Mentally healthy people don’t load their kids or their spouse into the car and drive drunk.
Mentally healthy people don’t stay in the vicinity of those they love when they cannot control their angry words or actions.
Mentally healthy people don’t have unprotected sex with someone who might be infected with HIV, HPV, herpes, syphilis, or gonorrhea and then go have sex with their life partner.
Mentally healthy people don’t blow the mortgage money or food budget on betting or shopping for things they don’t need.
They don’t. They know how to stop themselves, and they stop themselves before they do something that could hurt those they love and cause them great shame.
Mentally unhealthy people do these things, feel ashamed, and promise it won’t happen again. When it happens again, they invent stories about why they did what they did. These stories usually involve blaming their victim. It reduces their shame.
What mentally unhealthy people need is not a second chance or a third or a fourth. They need help finding the courage to get mentally healthy, to admit they need to learn new approaches to old problems, to do without the alcohol or drugs they are sure they cannot live without, to get surgery to remove a brain tumor or bleed, to take the drugs that will stop cravings or thoughts they cannot otherwise control.
Even if the awful consequences don’t happen very often, these people are mentally unhealthy all the time. Living with this takes an awful toll on the mental health of everyone around them, because no one can predict when the fear and the shame will return. Children grow up anxious and with no basis for trusting others. Spouses grow overly cautious and self-protective. Those with the problem may start to see their spouses and children as the problem, because the consequences would be less without all the shame of hurting loved ones.

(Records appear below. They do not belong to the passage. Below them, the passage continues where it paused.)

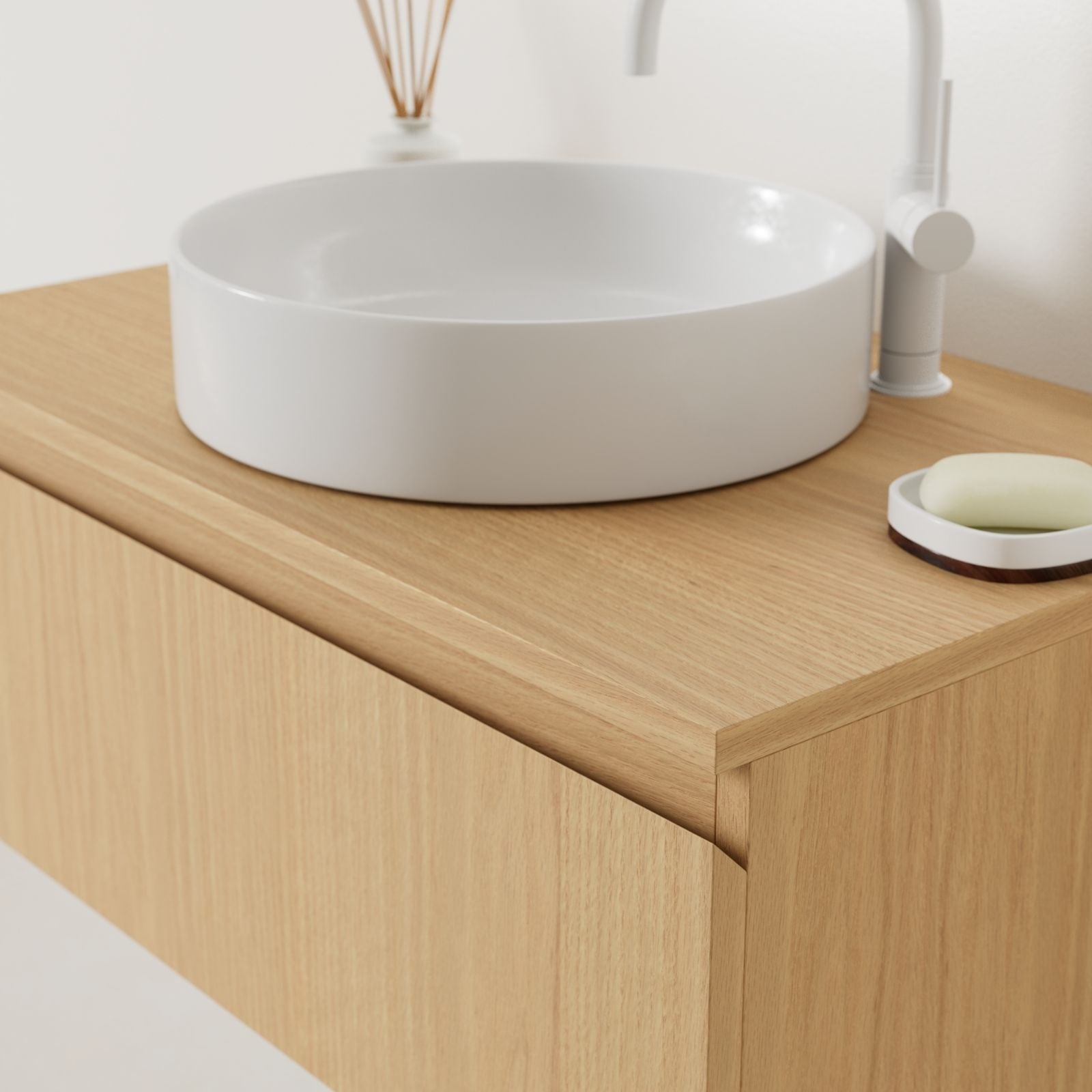 meuble salle de bain mino 80 cm chêne poignées intégrées avec vasque posé vue angle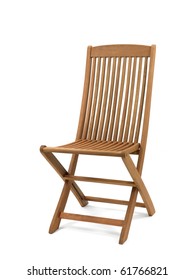 A Deck Chair Isolated Against A White Background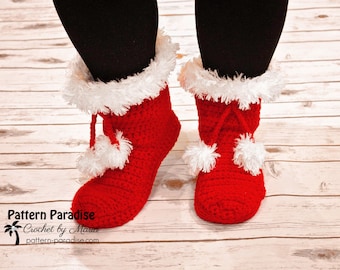 Crochet Pattern for Santa Slippers, House Slippers for Men, House Slippers for Women, Crocheted Slippers, Crocheted Shoes, Socks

Not every mental health problem can be cured or managed, but many can. It takes courage, though, to choose to get treated. It may take even more than allowing an amputation or a mastectomy or a prostatectomy. To find this courage when death is not the alternative, it helps to know it is their only option to keep their loved ones in their lives. Second chances say otherwise.

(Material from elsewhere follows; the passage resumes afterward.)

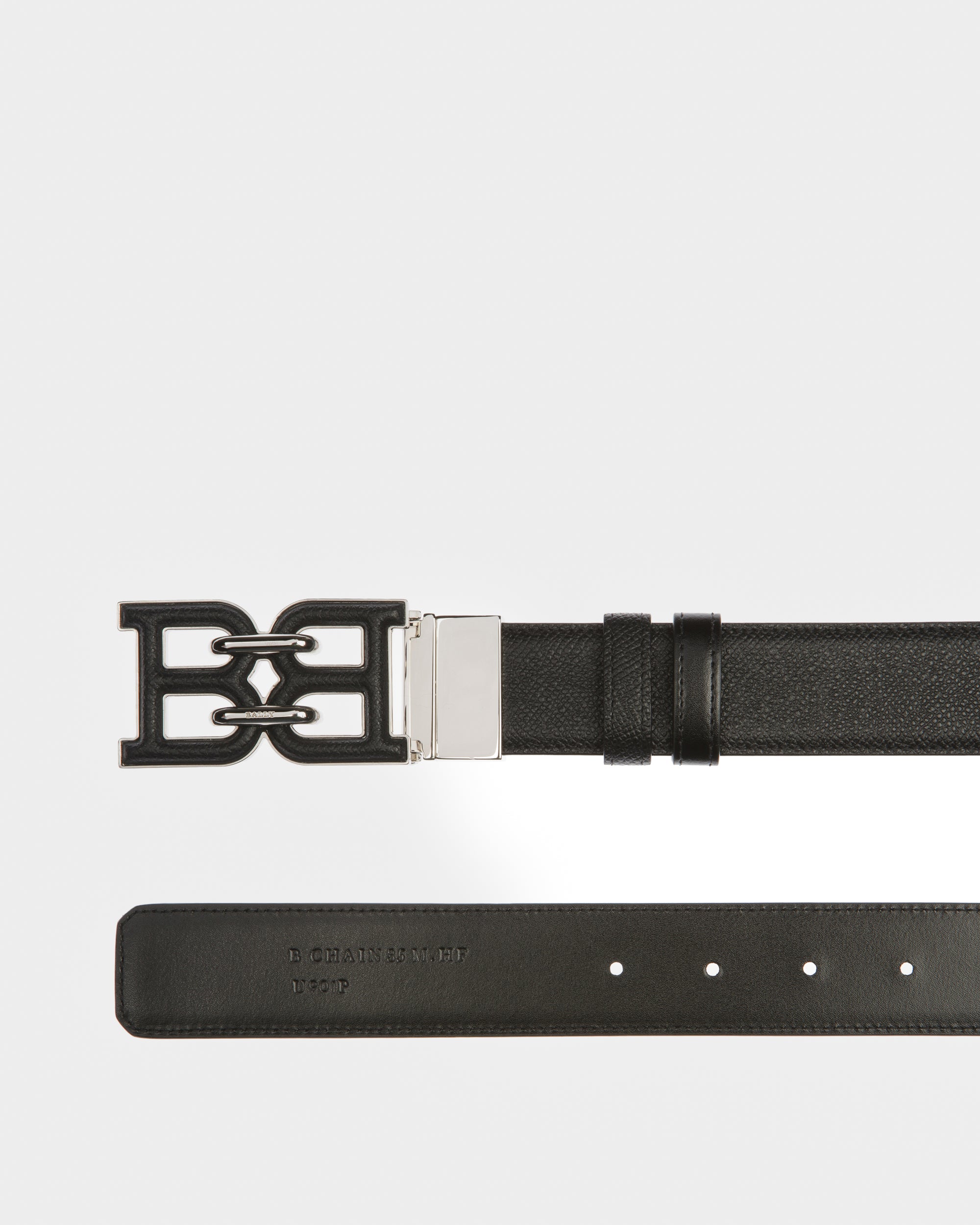 B-Chain Leather 35mm Belt In Black - Men's - Bally - 02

It is definitely not easy to separate to protect you, your mentally unhealthy mate, and your children while your mate finds that courage. It is often very expensive. It requires protection from an out-of-control reaction. It calls for lots of support for you and the children. This, too, takes courage.
Many wait to find their courage in the anger that propels them toward divorce. This is understandable, but the message it sends comes out a lot like this: “I no longer see you as a man or woman with a treatable mental health problem that affects all of us but as a defective individual not deserving of love.” Not many of us would find the courage for an amputation if told we would die with or without one.
“It doesn’t happen very often” is the first step to writing someone off as a defective person who cannot be loved. If it happens even once, it’s a serious problem. If it happens again because neither of you took precautions to prevent it from happening, the second step is likely to be a very slippery one that hurts both of you and any children you share.

About the author

Patty Newbold

I am a widow who got it right the second time. I have been sharing here since February 14, 2006 what I learned from that experience and from positive psychology, marriage research, and my training as a marriage educator.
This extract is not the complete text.